SOURCE MATERIAL: Begin

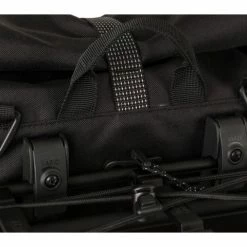 AGU Urban Trend Cykeltaske - Sort 8 AGU Urban Trend Cykeltaske - Sort -Cykelanhængere Salgsbutik AGU Urban Trende Cykeltaske Sort 1591707862 02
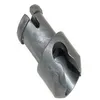 Image de Axe roue panier (x1) Lave-vaisselle 91601247 CANDY ROSIERES HOOVER IBERNA GENERAL ELECTRIC BAUMATIC ZEROWATT KELVINATOR GASF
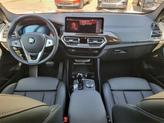 Thumbnail of 2024 Black BMW X3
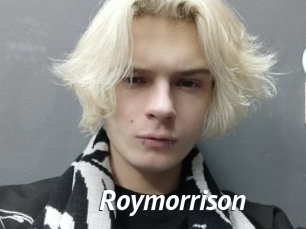 Roymorrison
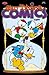 Walt Disney's Comics And Stories #706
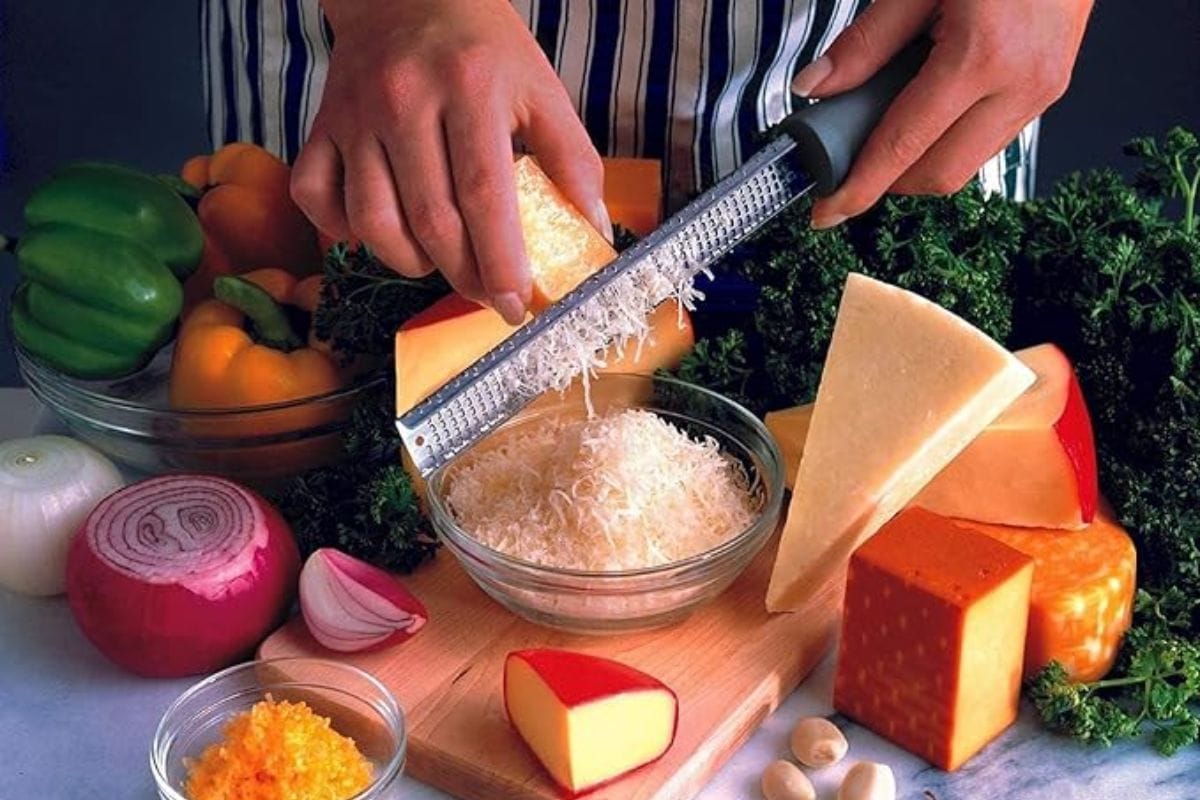 Microplane Classic Zester Grater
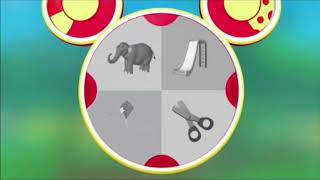 Mickey Mouse clubhouse mouseketools season 2 [upl. by Odrude]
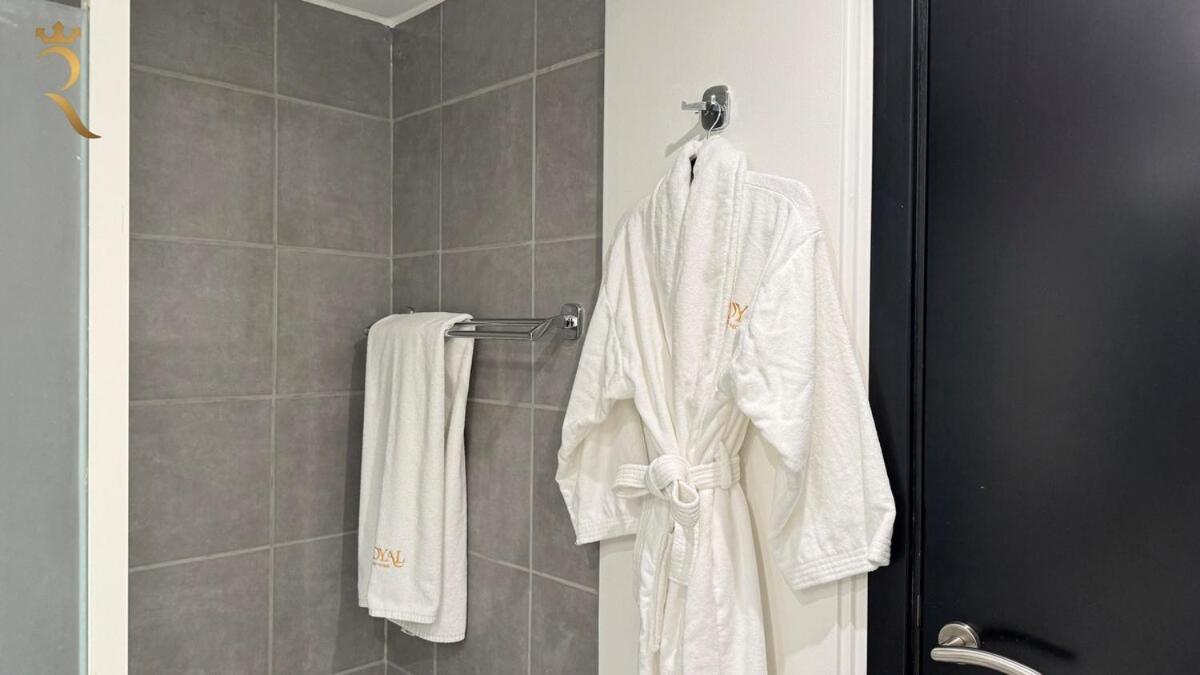 Luxury In Al Reef With King Bed * Abu Dhabi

SOURCE MATERIAL: End

> **ACTION ITEM**
Starting with the first line of the data, transcribe every line exactly through the one containing "Mickey Mouse clubhouse". No pictures go in.

> **REPLY**
 AGU Urban Trend Cykeltaske - Sort 8 AGU Urban Trend Cykeltaske - Sort -Cykelanhængere Salgsbutik AGU Urban Trende Cykeltaske Sort 1591707862 02
 Image de Axe roue panier (x1) Lave-vaisselle 91601247 CANDY ROSIERES HOOVER IBERNA GENERAL ELECTRIC BAUMATIC ZEROWATT KELVINATOR GASF
 Thumbnail of 2024 Black BMW X3
 Roymorrison
 Walt Disney's Comics And Stories #706
 Microplane Classic Zester Grater
 Mickey Mouse clubhouse mouseketools season 2 [upl. by Odrude]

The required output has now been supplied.